In any triangle ABC, if the angle bisector of `/_A`and perpendicular bisector of BCintersect, prove that they intersect on the circumcircle of the triangle `ABC`

Given: Angle bisector of angle `A` and perpendicular bisector of `BC` intersect.
Let the bisector of A meet the circumcircle at `E`.
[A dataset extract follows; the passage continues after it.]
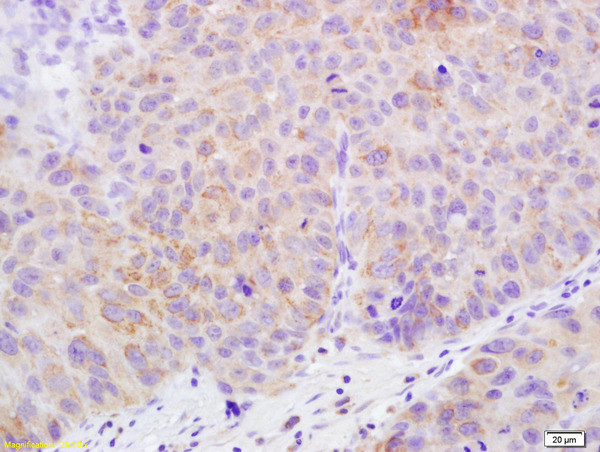 Claudin 17 Antibody in Immunohistochemistry (Paraffin) (IHC (P))
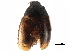  ( - CCDB-23510-G09)  @11 [ ] CreativeCommons - Attribution (2015) CBG Photography Group Centre for Biodiversity Genomics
In `/_\ABE` and ` /_\AEC`,
`/_BAE=/_CAE` {`AE` Angle bisector of `A`}
`:.BE=EC .....(1)` {converse of the angle subtended by the chord of equal length at the same point are equal}
Let `D` be the midpoint of `BC` and now connect `ED`.
In `/_\BDE` and `/_\CDE,`
`BE=CE` ....from eq. `(1)`
`BD=CD` ...{`D` is mid point of `BC`}
`DE=DE` ...common side
`:./_\BDE ~= /_\CDE` ...`SSS` test of congruence
`=>/_BDE=/_CDE` .....c.p.c.t.
Also,
`/_BDE+/_CDE=180^@` ...angles in linear pair
`:./_BDE=/_CDE=90^@`
Therefore, `DE` is the right angled bisector of `BC`.
Hence, they intersect on the circumcircle of triangle `ABC`